Exercise goal => Using the entries below, write out the line with "Ein modernes Wohnzimmer", the line with "mother holding shovel", and every line in between, exactly as each is written.

* * *

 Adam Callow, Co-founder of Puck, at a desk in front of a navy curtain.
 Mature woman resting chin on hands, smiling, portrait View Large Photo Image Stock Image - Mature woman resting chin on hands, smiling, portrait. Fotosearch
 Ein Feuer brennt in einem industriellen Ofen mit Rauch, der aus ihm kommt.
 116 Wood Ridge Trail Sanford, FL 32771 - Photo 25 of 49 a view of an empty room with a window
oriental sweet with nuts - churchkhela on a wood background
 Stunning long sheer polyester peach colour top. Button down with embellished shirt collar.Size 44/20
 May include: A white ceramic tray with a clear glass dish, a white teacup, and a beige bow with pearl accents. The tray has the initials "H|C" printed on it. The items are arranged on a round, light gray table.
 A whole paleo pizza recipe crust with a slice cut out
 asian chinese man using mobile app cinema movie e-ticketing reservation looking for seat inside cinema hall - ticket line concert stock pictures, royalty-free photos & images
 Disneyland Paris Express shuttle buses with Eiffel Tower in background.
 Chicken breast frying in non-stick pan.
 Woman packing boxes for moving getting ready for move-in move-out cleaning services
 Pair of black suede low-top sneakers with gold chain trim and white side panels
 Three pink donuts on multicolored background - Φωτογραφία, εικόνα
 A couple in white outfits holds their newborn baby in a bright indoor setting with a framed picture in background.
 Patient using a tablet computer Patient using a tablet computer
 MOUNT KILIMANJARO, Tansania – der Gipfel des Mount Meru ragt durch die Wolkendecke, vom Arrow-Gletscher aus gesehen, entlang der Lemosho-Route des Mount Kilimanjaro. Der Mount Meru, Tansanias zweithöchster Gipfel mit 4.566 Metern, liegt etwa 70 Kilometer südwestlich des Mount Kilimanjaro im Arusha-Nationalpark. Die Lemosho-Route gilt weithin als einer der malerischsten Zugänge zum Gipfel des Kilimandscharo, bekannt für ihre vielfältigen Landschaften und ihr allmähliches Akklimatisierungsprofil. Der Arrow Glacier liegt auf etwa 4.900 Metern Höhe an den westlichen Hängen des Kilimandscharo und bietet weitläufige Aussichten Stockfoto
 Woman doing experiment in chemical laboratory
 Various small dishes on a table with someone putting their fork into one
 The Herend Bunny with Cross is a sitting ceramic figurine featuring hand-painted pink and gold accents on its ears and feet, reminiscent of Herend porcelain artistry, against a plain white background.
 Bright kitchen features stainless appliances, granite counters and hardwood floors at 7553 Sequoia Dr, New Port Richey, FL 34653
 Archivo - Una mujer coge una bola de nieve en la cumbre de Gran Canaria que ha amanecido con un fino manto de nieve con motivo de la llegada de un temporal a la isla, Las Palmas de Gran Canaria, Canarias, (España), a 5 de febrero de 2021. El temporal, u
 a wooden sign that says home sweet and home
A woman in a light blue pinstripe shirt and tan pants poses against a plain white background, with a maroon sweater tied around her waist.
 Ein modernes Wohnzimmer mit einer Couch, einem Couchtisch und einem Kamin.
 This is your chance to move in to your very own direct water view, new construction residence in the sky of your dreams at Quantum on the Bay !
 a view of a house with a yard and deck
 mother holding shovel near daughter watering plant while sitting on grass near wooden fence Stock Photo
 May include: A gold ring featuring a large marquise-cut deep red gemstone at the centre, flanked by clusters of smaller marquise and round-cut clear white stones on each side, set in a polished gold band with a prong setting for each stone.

* * *

Result of this exercise =>
 Ein modernes Wohnzimmer mit einer Couch, einem Couchtisch und einem Kamin.
 This is your chance to move in to your very own direct water view, new construction residence in the sky of your dreams at Quantum on the Bay !
 a view of a house with a yard and deck
 mother holding shovel near daughter watering plant while sitting on grass near wooden fence Stock Photo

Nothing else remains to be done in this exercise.